* _Task item_
Every record needs to be repeated exactly; its pictures do not.

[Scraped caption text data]
━━━━━━━━━━━━━━━━━━━━

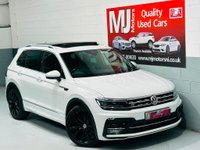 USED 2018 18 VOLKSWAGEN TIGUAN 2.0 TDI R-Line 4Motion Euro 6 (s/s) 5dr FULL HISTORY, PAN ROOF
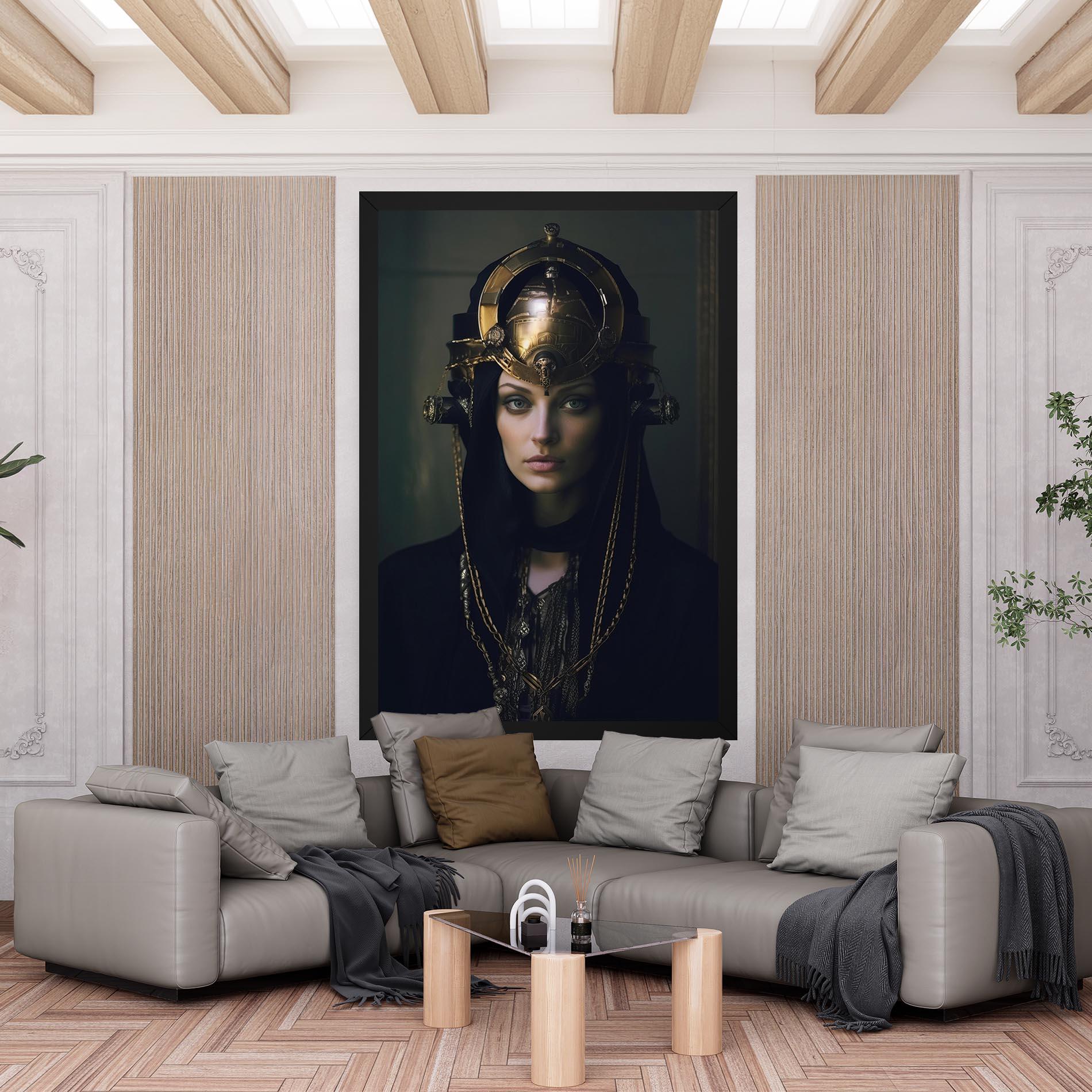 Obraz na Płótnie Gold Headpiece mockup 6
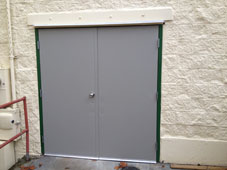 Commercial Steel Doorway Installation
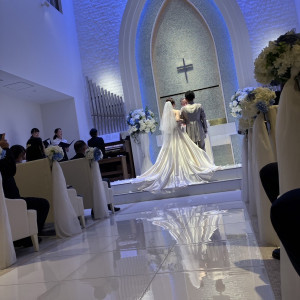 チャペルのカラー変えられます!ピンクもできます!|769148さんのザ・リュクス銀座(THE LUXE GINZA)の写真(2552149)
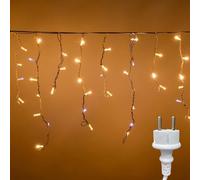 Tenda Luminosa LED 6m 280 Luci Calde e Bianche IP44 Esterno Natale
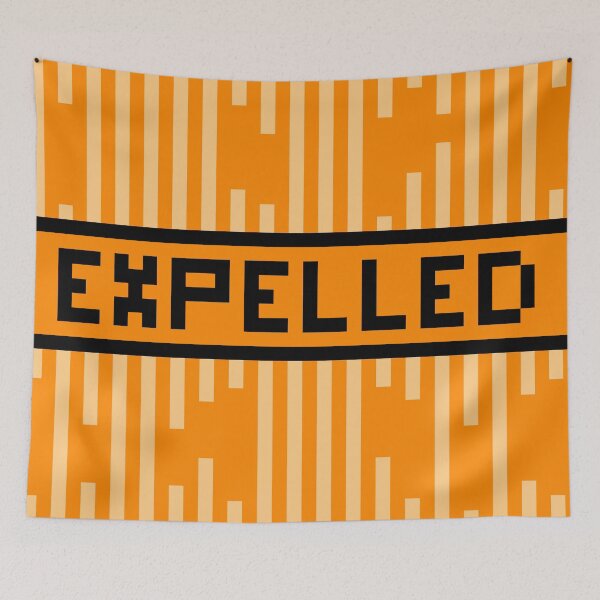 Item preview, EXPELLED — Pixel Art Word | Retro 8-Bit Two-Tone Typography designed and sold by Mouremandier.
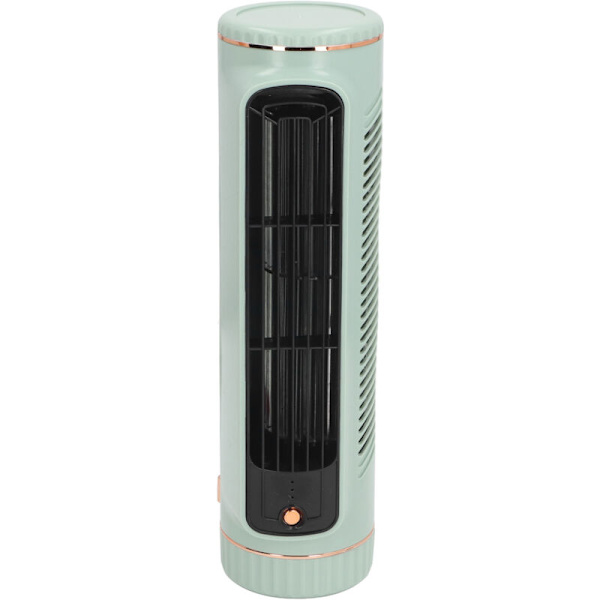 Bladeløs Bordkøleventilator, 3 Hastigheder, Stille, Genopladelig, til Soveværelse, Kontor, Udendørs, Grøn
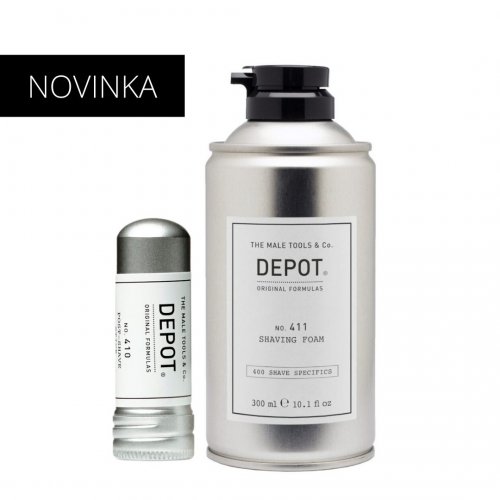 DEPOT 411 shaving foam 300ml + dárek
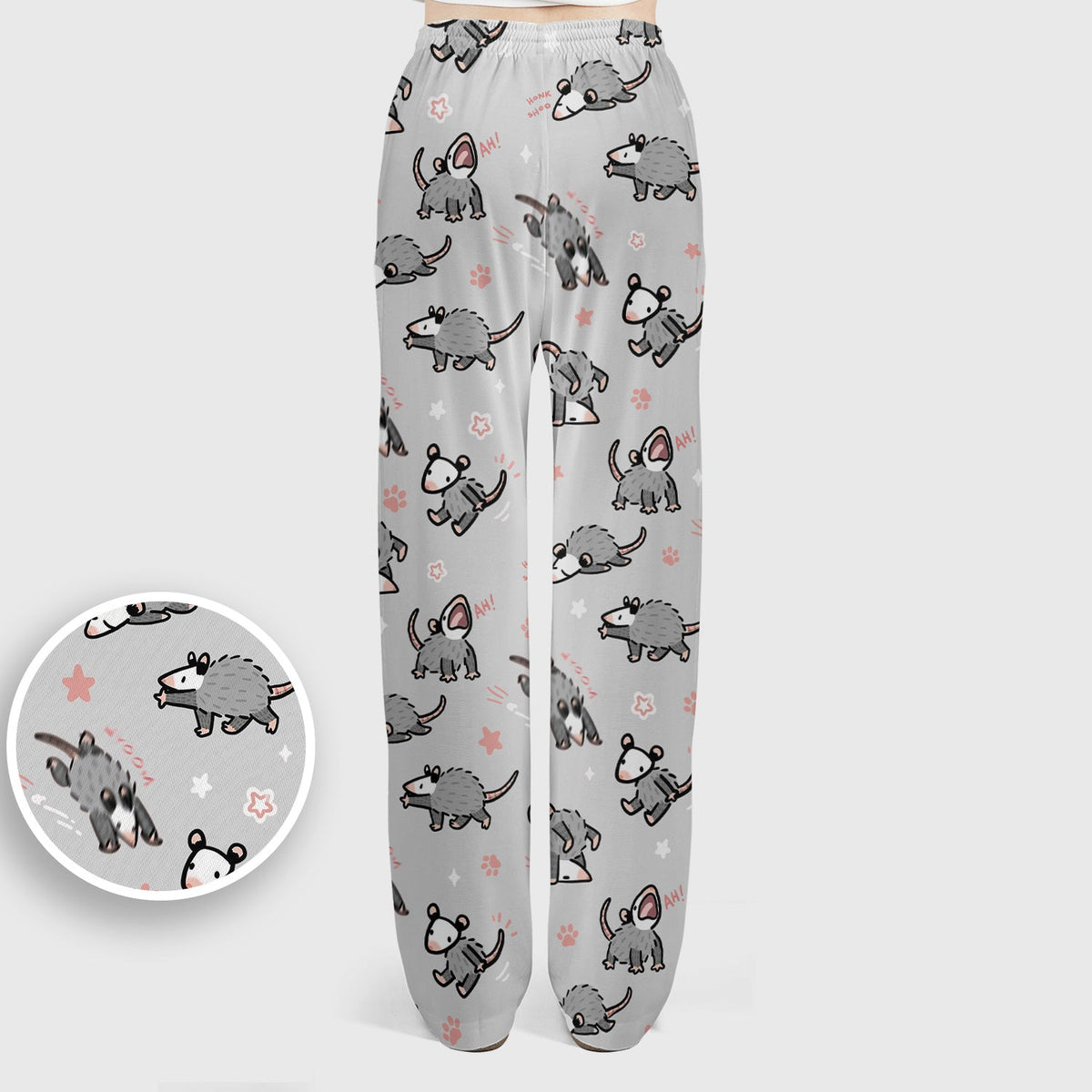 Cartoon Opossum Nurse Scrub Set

━━━━━━━━━━━━━━━━━━━━

* _Answer area_
 USED 2018 18 VOLKSWAGEN TIGUAN 2.0 TDI R-Line 4Motion Euro 6 (s/s) 5dr FULL HISTORY, PAN ROOF
 Obraz na Płótnie Gold Headpiece mockup 6
 Commercial Steel Doorway Installation
 チャペルのカラー変えられます!ピンクもできます!|769148さんのザ・リュクス銀座(THE LUXE GINZA)の写真(2552149)
 Tenda Luminosa LED 6m 280 Luci Calde e Bianche IP44 Esterno Natale
 Item preview, EXPELLED — Pixel Art Word | Retro 8-Bit Two-Tone Typography designed and sold by Mouremandier.
 Bladeløs Bordkøleventilator, 3 Hastigheder, Stille, Genopladelig, til Soveværelse, Kontor, Udendørs, Grøn
 DEPOT 411 shaving foam 300ml + dárek
 Cartoon Opossum Nurse Scrub Set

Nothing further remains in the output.